Between sharp percussions, hyper-kinetic singeli rhythms, and emotive club-ready pop, Zoë Mc Pherson shapes bold sonic worlds where imagination and reality collide. Their wide-ranging practice embodies complete creative freedom, always in pursuit of new forms and sonic possibilities.
Alongside them, CPR Annie and Amselysen bring their singular visions of the club. CPR Annie, with sets free from genres and eras, liberated from any formatted thinking, breathes vital life into the dancefloor. Amselysen delivers polymorphic sets where IDM, noise, techno, hyperpop, and synthwave intertwine, creating a caustic and unpredictable club experience.

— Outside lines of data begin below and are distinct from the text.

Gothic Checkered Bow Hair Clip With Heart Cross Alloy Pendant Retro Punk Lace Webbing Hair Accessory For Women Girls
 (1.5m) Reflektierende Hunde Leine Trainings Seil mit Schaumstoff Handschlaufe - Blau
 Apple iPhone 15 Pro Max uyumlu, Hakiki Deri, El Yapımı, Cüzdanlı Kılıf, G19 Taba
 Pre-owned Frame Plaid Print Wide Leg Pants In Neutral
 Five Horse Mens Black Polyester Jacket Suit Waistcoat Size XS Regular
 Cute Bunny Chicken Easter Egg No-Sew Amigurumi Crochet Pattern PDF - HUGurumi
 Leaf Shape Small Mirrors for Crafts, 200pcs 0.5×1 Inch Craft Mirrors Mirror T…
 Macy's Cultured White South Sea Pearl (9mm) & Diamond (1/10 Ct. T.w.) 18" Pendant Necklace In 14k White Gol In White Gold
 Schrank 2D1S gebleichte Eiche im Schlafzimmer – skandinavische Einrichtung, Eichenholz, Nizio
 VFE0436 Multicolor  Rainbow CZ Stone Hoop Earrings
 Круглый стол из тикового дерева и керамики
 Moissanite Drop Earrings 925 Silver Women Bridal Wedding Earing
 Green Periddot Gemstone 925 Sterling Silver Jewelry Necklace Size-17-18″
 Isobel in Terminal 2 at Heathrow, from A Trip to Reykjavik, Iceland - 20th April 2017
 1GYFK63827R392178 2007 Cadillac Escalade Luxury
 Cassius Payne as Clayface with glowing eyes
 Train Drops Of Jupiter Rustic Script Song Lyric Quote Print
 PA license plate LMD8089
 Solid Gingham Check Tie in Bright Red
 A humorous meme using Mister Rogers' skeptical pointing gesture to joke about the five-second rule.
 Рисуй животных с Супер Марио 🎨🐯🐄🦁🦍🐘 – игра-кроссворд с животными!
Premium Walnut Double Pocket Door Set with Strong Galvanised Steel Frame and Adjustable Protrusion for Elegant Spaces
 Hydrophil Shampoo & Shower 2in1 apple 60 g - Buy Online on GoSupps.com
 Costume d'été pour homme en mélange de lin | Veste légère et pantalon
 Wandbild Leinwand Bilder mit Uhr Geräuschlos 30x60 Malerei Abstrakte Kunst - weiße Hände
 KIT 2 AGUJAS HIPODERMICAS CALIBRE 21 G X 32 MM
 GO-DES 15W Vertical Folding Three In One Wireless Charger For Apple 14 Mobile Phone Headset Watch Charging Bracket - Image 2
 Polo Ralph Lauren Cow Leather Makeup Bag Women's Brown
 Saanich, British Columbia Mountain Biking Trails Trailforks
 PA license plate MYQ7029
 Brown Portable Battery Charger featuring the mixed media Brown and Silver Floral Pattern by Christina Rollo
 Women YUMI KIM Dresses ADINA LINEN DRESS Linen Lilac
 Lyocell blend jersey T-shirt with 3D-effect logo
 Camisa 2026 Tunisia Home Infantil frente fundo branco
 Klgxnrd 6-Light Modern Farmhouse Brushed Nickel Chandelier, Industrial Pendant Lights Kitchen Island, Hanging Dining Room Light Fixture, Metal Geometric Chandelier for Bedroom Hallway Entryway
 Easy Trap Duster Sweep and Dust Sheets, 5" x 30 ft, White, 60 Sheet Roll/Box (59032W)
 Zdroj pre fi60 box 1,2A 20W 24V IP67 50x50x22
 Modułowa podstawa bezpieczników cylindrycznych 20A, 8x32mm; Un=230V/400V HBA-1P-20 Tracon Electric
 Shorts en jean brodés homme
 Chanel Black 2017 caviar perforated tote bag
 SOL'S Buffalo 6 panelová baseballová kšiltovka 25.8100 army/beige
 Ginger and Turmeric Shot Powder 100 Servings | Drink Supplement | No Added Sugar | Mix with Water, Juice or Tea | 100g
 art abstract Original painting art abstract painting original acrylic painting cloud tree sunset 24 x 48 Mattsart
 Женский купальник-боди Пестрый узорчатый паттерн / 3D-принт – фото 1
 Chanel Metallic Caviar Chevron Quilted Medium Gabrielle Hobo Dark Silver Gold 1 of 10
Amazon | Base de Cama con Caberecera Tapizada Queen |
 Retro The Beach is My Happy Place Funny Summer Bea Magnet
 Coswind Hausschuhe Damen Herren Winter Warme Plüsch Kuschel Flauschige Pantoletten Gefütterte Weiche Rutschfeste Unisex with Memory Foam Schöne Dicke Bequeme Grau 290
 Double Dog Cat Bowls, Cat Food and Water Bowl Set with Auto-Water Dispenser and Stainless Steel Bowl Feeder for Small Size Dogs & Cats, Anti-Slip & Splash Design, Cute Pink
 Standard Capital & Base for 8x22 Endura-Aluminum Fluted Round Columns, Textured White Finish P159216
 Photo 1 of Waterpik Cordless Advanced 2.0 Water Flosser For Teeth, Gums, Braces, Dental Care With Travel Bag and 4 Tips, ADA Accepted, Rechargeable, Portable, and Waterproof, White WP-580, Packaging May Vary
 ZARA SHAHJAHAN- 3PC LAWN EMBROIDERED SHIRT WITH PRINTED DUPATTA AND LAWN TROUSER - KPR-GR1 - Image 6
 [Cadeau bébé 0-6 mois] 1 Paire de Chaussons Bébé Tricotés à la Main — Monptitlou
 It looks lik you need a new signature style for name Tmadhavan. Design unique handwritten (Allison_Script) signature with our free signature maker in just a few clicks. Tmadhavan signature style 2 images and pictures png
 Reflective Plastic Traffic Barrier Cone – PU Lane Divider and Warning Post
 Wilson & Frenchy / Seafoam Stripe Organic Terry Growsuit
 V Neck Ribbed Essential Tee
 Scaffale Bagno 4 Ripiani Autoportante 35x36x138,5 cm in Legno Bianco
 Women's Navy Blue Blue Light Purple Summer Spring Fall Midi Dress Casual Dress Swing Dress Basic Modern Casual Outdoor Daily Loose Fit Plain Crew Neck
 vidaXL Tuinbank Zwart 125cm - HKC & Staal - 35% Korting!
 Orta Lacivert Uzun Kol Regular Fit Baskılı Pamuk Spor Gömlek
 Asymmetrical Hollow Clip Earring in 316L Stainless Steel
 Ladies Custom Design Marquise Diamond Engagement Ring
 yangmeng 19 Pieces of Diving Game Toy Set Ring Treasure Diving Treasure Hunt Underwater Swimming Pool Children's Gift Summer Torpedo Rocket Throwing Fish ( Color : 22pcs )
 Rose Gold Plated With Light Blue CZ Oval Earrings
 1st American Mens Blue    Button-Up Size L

Zoë Mc Pherson embodies the unexpected. Their vibrant, nuanced music tests sonic extremes and musical pleasure, grapples with politics and raw emotion, shapes fantasy concepts and meditates on reality. Their albums and EPs strike out into uncharted zones, moving from the acute percussive angles to more melodious, vocal-charged exploration. Their style draws from soundsystem music, singeli rhythms, avant-garde synthesis, textural experimentation and club-ready pop. Mc Pherson has performed internationally at events such as CTM, MUTEK Mexico, Rewire and Novas Frequências, and developed installations and residencies with 4DSOUND at MONOM and the PHI Foundation. They also collaborate widely across different projects, lead workshops and run SFX, the multimedia platform they founded in 2020 to release their music and collaborative audio-visual projects.
CPR Annie is dedicated to giving the dancefloor the kiss of life it deserves. Unbound by specific genres and eras, she curates mixes that are free of formulaic thinking. On describing her sound, CPR Annie prefers to let the Machines talk and asserts that she has nothing more to say through the art of the Written Word.
As Amselysen, sound-recording artist Hakeem Lapointe never lingers on a single sound. After stints in IDM, noise, techno, art-pop and synthwave, their new endeavour promises dry, plastic, bold productions and pure electronic explosions. Still as hyperdynamic and iconoclastic as ever, Amselysen delivers wretched peace and caustic club rhythms.